My readers' views on this question will be the most
valid, but mine begins with the observation that I do not anoint myself a
spokescreature for women or people of Color. Then what business have I writing
this book? Kincheloe (1991) points out that we walk a tightrope between
declaring our analyses and refraining from speaking for the oppressed. Is it
enough to be aware of what Foucault labels the indignity of speaking for the
oppressed? First, I maintain that demonizing the heretofore-deified White male
is not the answer; it tilts the ship of culture too far the other way. Lather
continues, “. . . to write `postmodern' is to write paradoxically aware of
one's complicity in that which one critiques. . . . [J]ust getting on with it
may be the most radical action one can make.” I observe that we all have the
same three choices. We can speak favorably of oppression. We can be silent,
which in a culture of prejudice is a vote for prejudice. Or we can speak out
against oppression. I opt to speak out. My thesis is that the oppression of one
group by another is bad for both. I am tired not only of the oppression to which
women are subjected; I am also tired of my fellow men dropping dead a decade earlier than women from the stress of oppressing them.
The need for
this book came to me one day when I was presenting a paper to an ethnically
mixed audience of about 150 classroom teachers (three of whom were men). I
discussed themes of oppression, empowerment, and emancipation. The handful who
walked out when I linked oppression to religion indicated that I was striking a
nerve. More importantly I was struck in mid-presentation by the awareness that
some of my audience were hearing these ideas for the first time. Their responses
when I finished confirmed this. A number of Latin and African American women,
one White woman, one woman who identified herself as Native American, and one of
the three men approached the podium to thank me. As I later assembled the
content of this book, testing and retesting my motives, including this thought
and rejecting that one, I realized that I was writing to this audience. I
realized that I, a White male, could contribute to their emancipation.

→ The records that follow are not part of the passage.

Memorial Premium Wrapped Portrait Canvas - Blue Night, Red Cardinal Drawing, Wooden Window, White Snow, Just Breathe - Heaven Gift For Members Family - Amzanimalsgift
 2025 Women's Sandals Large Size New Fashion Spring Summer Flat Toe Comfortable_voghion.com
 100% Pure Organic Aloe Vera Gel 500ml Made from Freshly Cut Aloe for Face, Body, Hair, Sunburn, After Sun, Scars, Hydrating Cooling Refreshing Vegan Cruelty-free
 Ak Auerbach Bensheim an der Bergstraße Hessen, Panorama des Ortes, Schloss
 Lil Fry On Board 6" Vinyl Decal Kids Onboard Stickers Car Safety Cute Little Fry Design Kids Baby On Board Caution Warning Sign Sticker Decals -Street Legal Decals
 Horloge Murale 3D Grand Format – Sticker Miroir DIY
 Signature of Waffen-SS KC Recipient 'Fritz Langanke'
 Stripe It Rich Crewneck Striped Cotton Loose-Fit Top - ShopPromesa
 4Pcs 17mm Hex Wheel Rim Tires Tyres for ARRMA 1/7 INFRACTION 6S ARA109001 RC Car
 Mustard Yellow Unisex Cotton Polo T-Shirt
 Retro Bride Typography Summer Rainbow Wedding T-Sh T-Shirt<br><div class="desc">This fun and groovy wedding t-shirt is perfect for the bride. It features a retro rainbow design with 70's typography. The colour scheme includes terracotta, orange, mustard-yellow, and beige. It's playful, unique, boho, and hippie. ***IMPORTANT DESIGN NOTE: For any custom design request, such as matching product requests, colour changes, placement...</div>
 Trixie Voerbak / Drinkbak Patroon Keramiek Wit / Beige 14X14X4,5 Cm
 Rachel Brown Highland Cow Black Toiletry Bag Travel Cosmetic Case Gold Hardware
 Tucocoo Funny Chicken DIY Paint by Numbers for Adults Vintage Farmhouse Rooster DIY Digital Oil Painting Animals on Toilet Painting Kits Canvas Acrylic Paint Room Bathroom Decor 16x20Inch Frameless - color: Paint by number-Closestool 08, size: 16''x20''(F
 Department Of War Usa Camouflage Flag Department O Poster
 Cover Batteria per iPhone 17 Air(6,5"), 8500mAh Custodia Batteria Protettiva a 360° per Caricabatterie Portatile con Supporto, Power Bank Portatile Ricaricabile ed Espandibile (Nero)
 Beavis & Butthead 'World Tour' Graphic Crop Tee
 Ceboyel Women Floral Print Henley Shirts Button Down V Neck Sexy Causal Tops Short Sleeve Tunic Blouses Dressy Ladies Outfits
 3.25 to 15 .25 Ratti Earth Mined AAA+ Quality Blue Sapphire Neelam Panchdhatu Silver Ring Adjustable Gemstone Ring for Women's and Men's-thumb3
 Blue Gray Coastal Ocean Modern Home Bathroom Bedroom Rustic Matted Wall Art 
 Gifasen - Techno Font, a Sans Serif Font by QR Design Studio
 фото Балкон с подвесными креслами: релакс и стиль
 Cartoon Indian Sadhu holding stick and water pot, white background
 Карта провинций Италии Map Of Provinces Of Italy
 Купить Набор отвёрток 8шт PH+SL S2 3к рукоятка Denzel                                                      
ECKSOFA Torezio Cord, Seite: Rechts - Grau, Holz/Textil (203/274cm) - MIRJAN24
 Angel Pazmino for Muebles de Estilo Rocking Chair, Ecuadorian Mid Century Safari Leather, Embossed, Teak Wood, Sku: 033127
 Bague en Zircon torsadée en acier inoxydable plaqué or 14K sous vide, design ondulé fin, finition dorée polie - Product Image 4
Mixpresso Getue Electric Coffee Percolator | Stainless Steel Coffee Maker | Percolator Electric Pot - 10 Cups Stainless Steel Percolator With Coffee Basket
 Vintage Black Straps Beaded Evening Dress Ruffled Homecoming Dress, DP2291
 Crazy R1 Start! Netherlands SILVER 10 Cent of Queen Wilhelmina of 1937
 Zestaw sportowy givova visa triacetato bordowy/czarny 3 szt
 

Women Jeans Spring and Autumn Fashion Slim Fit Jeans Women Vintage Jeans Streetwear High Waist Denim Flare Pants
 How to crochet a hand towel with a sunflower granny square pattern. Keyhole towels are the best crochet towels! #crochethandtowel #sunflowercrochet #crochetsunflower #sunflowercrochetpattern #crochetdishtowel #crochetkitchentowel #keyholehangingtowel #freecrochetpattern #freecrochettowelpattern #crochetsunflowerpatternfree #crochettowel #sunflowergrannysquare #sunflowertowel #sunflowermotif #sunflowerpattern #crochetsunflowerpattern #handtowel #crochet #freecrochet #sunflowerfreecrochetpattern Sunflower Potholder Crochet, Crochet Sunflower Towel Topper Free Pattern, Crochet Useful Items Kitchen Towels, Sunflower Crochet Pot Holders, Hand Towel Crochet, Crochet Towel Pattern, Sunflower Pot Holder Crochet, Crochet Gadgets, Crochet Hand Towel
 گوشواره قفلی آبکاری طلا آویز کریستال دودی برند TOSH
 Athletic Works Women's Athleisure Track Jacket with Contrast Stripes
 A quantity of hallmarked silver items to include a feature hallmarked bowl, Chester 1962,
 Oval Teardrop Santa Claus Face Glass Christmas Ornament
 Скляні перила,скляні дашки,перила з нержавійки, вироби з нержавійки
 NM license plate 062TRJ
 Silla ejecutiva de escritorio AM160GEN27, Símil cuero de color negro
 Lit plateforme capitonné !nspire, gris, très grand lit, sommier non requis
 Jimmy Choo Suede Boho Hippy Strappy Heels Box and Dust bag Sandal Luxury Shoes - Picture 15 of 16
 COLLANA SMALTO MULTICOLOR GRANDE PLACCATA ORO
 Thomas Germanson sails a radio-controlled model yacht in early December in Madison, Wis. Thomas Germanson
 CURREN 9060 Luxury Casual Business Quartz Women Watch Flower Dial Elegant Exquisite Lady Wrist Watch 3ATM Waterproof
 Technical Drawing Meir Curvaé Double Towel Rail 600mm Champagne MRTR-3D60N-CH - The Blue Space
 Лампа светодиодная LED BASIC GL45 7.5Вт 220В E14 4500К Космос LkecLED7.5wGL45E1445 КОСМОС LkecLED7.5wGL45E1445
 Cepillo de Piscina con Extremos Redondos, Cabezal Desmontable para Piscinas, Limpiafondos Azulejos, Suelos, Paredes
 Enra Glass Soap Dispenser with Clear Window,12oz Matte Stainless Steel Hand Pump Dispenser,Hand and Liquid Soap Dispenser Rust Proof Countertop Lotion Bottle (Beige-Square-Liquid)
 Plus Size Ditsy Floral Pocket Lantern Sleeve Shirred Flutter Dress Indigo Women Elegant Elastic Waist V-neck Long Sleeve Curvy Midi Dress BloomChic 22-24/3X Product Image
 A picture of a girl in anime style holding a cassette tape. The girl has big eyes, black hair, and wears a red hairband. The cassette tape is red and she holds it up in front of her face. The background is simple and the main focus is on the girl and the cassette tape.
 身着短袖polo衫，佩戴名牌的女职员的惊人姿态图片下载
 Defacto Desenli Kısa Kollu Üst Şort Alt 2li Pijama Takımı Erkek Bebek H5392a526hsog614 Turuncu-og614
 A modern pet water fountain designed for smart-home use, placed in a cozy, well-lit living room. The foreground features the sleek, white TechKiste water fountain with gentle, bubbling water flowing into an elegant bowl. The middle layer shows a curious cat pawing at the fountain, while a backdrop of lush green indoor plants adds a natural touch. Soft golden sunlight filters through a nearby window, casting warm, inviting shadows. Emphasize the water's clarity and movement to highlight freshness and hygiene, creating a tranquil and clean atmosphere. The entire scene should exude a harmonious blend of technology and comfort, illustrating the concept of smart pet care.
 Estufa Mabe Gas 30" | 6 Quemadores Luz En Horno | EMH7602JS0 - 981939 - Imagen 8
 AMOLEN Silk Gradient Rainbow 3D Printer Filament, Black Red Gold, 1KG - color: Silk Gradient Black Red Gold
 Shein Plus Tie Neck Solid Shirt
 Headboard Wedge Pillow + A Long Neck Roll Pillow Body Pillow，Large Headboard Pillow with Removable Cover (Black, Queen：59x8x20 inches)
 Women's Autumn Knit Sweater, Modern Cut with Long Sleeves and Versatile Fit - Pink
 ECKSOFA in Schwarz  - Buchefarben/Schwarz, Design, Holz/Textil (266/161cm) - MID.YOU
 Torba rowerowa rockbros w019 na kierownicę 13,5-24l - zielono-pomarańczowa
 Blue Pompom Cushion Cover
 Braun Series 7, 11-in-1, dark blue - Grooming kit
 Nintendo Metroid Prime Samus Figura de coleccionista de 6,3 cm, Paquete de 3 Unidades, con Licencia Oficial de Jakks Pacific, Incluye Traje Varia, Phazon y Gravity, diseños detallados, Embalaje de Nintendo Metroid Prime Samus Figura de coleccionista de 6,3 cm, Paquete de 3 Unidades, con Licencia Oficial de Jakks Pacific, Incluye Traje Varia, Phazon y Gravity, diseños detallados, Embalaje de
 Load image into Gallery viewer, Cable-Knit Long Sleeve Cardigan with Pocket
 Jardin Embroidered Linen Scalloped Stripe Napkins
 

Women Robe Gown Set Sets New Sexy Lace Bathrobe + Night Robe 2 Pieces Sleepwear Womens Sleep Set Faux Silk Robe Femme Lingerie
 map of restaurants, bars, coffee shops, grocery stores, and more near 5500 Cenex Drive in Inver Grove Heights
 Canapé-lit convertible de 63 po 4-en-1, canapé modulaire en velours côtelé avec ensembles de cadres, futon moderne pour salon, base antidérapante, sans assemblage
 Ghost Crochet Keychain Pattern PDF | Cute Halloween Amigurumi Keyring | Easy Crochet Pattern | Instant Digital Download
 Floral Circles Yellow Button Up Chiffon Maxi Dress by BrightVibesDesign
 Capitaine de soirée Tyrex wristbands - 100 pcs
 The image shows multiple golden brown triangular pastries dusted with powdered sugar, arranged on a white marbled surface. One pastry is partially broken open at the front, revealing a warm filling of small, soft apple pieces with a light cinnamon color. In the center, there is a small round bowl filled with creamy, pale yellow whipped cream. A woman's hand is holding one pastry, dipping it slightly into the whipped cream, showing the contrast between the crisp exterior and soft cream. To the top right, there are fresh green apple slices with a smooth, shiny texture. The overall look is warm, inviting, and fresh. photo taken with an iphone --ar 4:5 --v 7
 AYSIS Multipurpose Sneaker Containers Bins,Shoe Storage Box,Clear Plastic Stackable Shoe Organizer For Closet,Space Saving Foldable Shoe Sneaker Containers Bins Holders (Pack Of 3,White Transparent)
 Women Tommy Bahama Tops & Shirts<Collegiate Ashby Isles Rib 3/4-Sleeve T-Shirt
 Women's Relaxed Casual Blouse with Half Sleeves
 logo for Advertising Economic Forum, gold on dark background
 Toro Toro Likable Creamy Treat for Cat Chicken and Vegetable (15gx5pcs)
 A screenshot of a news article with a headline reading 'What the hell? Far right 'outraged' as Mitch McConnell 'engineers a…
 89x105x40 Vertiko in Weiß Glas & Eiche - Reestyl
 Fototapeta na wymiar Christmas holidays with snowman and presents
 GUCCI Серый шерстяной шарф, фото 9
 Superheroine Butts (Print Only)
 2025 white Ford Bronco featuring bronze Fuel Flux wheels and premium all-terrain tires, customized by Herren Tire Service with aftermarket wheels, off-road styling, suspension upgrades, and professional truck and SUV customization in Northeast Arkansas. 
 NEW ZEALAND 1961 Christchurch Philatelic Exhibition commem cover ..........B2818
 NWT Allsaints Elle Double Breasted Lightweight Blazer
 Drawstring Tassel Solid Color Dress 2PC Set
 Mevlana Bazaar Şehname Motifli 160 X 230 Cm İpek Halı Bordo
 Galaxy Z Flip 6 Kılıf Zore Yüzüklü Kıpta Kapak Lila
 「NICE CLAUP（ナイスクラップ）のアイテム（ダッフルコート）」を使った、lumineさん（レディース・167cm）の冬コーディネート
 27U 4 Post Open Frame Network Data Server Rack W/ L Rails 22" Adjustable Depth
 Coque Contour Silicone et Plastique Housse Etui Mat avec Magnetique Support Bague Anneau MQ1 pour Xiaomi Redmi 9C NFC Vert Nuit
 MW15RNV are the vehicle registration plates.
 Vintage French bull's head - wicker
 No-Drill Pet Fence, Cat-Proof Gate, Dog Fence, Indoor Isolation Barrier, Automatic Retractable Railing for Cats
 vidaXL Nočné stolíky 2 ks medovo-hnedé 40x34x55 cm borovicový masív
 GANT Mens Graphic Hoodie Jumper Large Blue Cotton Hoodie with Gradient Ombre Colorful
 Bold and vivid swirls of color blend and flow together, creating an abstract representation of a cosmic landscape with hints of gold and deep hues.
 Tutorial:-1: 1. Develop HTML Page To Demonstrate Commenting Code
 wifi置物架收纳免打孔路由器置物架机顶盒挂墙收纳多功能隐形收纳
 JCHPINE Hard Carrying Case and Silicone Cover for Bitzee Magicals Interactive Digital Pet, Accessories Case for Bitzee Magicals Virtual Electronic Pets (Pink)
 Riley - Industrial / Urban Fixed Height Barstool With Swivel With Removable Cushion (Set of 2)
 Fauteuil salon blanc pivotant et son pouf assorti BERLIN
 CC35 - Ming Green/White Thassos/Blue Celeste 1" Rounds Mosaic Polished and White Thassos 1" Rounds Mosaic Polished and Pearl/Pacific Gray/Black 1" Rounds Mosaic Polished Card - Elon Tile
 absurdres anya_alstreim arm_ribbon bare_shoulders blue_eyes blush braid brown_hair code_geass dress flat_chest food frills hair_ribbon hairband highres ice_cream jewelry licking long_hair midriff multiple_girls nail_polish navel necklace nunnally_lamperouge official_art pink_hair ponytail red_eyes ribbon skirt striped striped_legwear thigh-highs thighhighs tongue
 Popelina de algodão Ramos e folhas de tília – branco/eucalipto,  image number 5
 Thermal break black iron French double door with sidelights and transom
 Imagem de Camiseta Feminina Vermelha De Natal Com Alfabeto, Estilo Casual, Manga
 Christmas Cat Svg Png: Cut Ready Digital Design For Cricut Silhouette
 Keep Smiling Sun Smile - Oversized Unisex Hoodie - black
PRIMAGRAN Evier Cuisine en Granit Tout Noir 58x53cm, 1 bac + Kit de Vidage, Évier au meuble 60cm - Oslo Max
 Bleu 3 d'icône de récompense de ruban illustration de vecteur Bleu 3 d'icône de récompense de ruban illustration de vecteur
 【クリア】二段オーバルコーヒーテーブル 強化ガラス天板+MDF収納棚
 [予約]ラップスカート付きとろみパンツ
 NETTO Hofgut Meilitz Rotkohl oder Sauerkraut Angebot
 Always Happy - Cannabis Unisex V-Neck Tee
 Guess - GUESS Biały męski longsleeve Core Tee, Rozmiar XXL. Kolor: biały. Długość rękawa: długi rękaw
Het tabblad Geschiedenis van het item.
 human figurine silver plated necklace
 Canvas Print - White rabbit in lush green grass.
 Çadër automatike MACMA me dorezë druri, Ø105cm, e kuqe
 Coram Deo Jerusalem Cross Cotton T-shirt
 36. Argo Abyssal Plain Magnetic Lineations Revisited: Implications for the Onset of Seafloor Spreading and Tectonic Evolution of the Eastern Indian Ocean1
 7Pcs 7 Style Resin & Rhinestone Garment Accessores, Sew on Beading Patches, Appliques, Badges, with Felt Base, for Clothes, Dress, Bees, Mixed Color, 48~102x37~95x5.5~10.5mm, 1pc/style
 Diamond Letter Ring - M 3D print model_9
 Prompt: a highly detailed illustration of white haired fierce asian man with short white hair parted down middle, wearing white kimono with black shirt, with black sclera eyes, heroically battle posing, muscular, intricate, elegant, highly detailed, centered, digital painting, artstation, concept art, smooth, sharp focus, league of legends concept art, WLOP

I choose a subjective voice because I believe the
objective voice is a Rationalist myth. This myth, heralded for so long as the
only appropriate academic voice, is no voice at all. It poorly serves the radical
emancipatory struggle. The objective voice is simply another means by which H. L.
Mencken's “booboisie” have made us shut up. I do not wish to assume the role
of spokesperson for demographic groups, either marginalized or mainstream, but
rather to contribute to the emancipation of us all.
Riding
shotgun with my anger, careening on the bouncing buckboard of civilization, is
my hope. If hominids emerged three million years ago, and fully developed humans
100,000 years ago, then civilization, at only 6000 years old, is an infant. One
could argue that we have done well in such short time. So my anger is
contextualized to the present. We're going to make it.